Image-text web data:
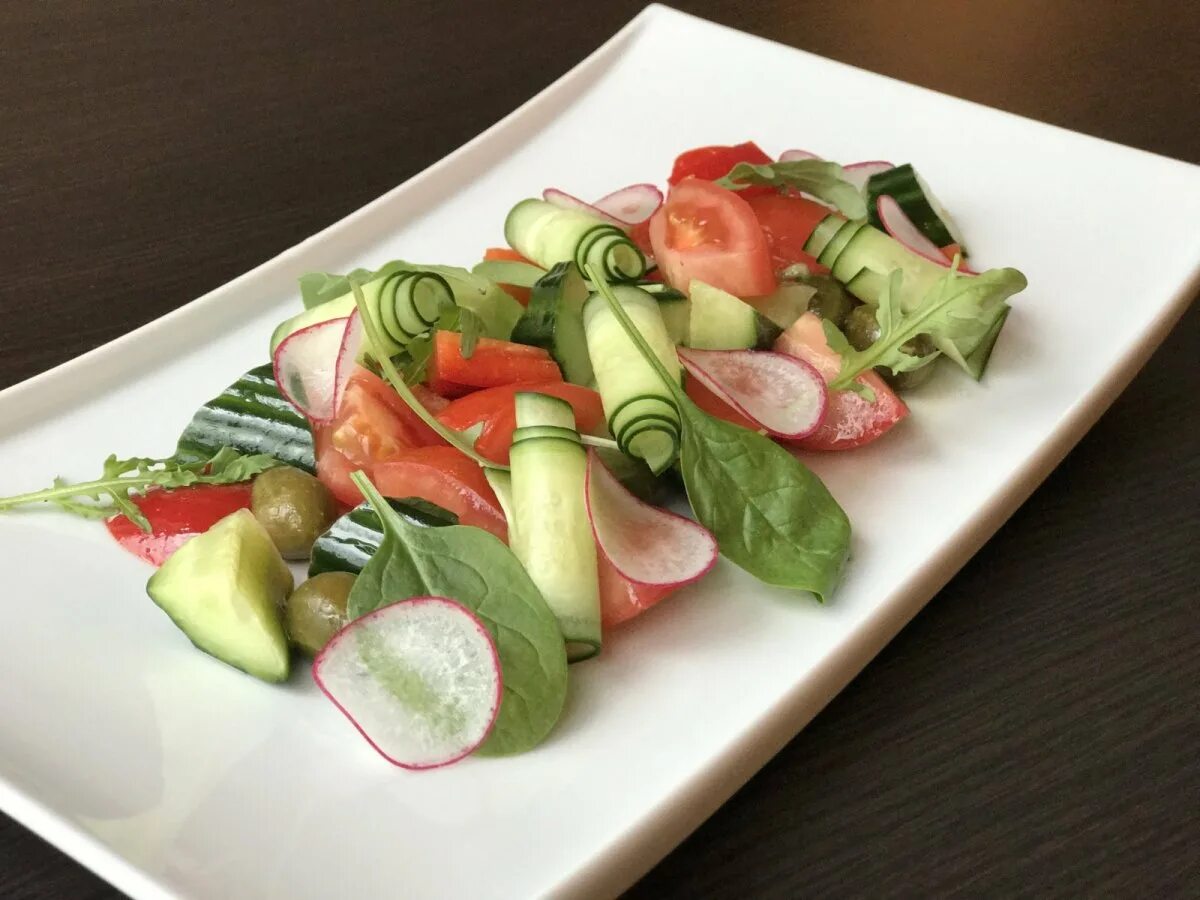 оливье престиж. оригинальная подача салатов. овощной салат подача. украшение салатов на праздничный стол. салат.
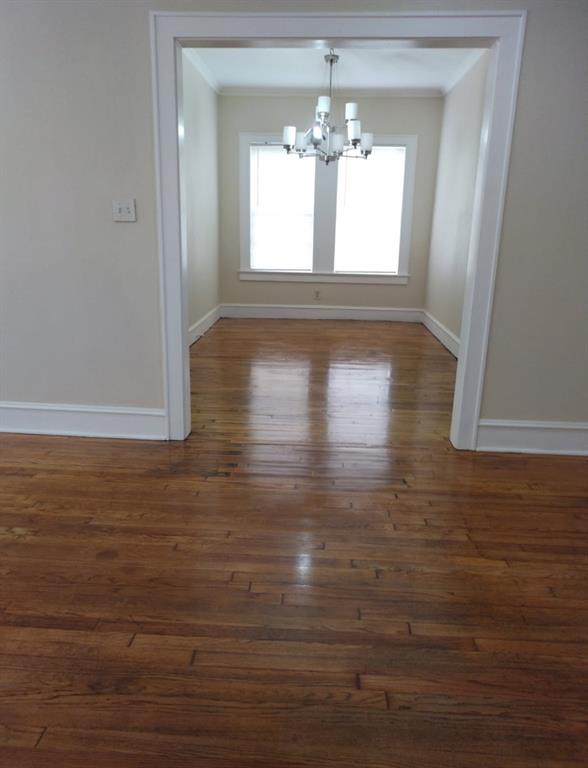 3528 Lakeshore Drive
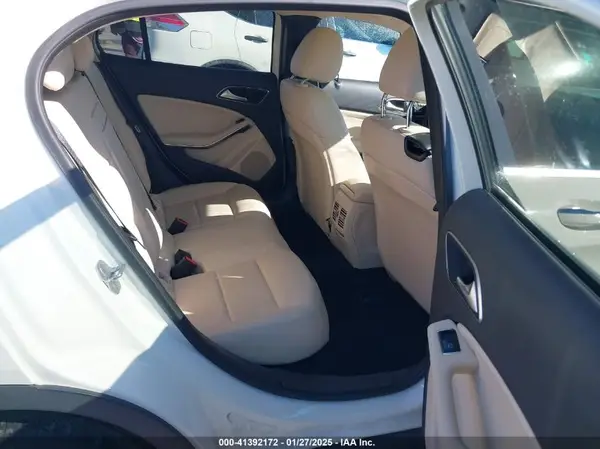 WDCTG4GB8GJ217818 2016 MERCEDES-BENZ GLA-KLASSE - Image 8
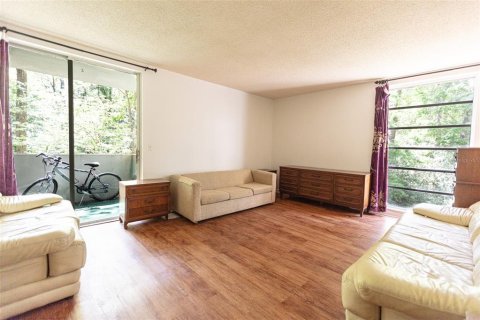 Condo in Gainesville, Florida, 2 bedrooms  № 1609401 - photo 11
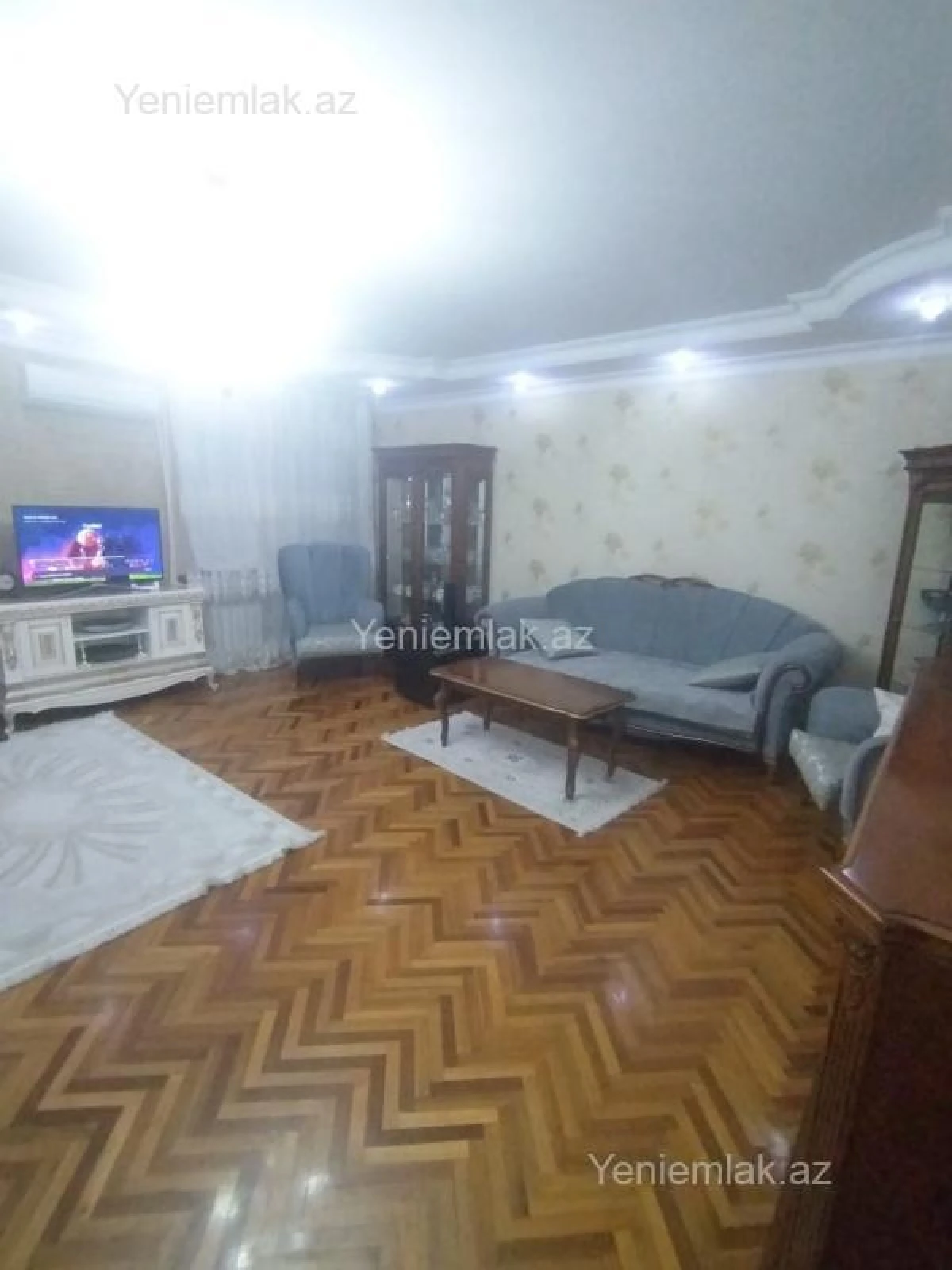 Satılır 4 otaqlı köhnə tikili 110 m²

:: WHAT TO DO ::
Your reply should hold only the lines running from the one with "Condo in Gainesville, Florida, 2" to the end of the data above, set down exactly, pictures omitted.

:: YOUR SOLUTION ::
 Condo in Gainesville, Florida, 2 bedrooms  № 1609401 - photo 11
 Satılır 4 otaqlı köhnə tikili 110 m²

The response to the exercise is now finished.